I just thought that i'd post this up as it was in today's paper, and well i actually read something more than just the sports section.

This was in the "Metro" free paper that i get on the way to work.

" Fantasy games retailer Games Workshop is to close 35 stores after issuing its second profits warning of the year. About 280 staff - ten per cent of its work force will lose their jobs. It said a fall in sales was the "hangover" following the boom at the time of The Lord Of the Rings Films."

Again yet another reason to hate Lord of the rings! 

I also have it from a good source that this will be news to a lot of the uk managers but some continental managers got told before the more informed of the UK managers. Apparently GW is seeing a decline of sales in both Germany and France so not all the losses will be in the UK.

Well all i can say is "NO SHIT" the sales are falling. The prices are to bloody high! Well we'll see what happens in the coming weeks and months.


MarzM :mrgreen:

I edited this just to add this link for those who are interested;-

http://today.reuters.co.uk/news/art...HOL331594_RTRUKOC_0_GAMESWORKSHOP-WARNING.xml


----------



## Viscount Vash (Jan 3, 2007)

The link to Reuters made for a good read if you like fiscal jargon and rose fertilizer (its a bit like listening to a politician.)

GW spent a lot of dosh sorting themselves out to produce and market LotR so they have made a balls up again on a licenced Products range. ( I think they got a good slapping on the old Judge Dread stuff but the outlay was minor in comparison.)

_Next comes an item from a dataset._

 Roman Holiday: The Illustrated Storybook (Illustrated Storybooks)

Gotta feel sorry for the store staff.
Balance will be restored or the spiral will start, it is as granny used to say "wait and see pudding".


That reminds me where are those Mechs.


----------



## Jacobite (Jan 26, 2007)

Maybe they may get the message that their prices are, in a fair part, causing the sales to drop and go back to the good old days.

Either that or as Vash said they will hyke the prices more and do even worse.


----------



## Viscount Vash (Jan 3, 2007)

The good ole days are dead and buried, gone is the funny little company that was run by hobbiests, bean counters rule such things now and if GW holds no further interest for such as they then its been shut down.


----------



## Jacobite (Jan 26, 2007)

Lets just hope that never happens.


----------



## nightmarine (Mar 30, 2007)

its not too hard to figure out LOWER PRICES!! $30+ (or wutever the UK guys r charged) for about $1 of plastic will not attract people. instead of raising prices, they should lower them and advertise a bit.


----------



## Anphicar (Dec 31, 2006)

dammit this would suck.


----------



## Herbert (Apr 7, 2007)

Well in defense of GW I have to note these few points.

In a market where companies have gone to the wall in recent years GW has stayed strong and our core games 40k and Warhammer have not suffered. They licesned lotr at a time when the company could have been looking at being taken over or itself goin bust. Lotr was a financial lifeline for them. They will continue to milk it for all its worth, a lot of us true gw hobbyists have no interest in the lotr and dont buy into it but some people do. 

As for the interview with GWs head bean counter Michael Sherwin in the Reuters news article I have to say this. He has held over a dividend for shareholders and continued to invest in the development of the business. This means that the company will continue to develop the 2 core game systems including new moulds. In short he is looking after the games first and the shareholders second to the detriment of the companys standing and reputation in the financial markets. We all have to applaud them for this.

I too sympathise for the staff that will be laid off, with luck they will find new work soon. May their dices all be 6's


----------



## Ordo Xeno Commander (Jan 17, 2007)

haha thanks for that Herbert, thats a good slice of info. now we just pray that they make it over this hurdle, which from reading the previous post, they should. hopefully


----------



## the cabbage (Dec 29, 2006)

I feel sorry for the shop staff but never really use the shop's so it won't have any impact on me.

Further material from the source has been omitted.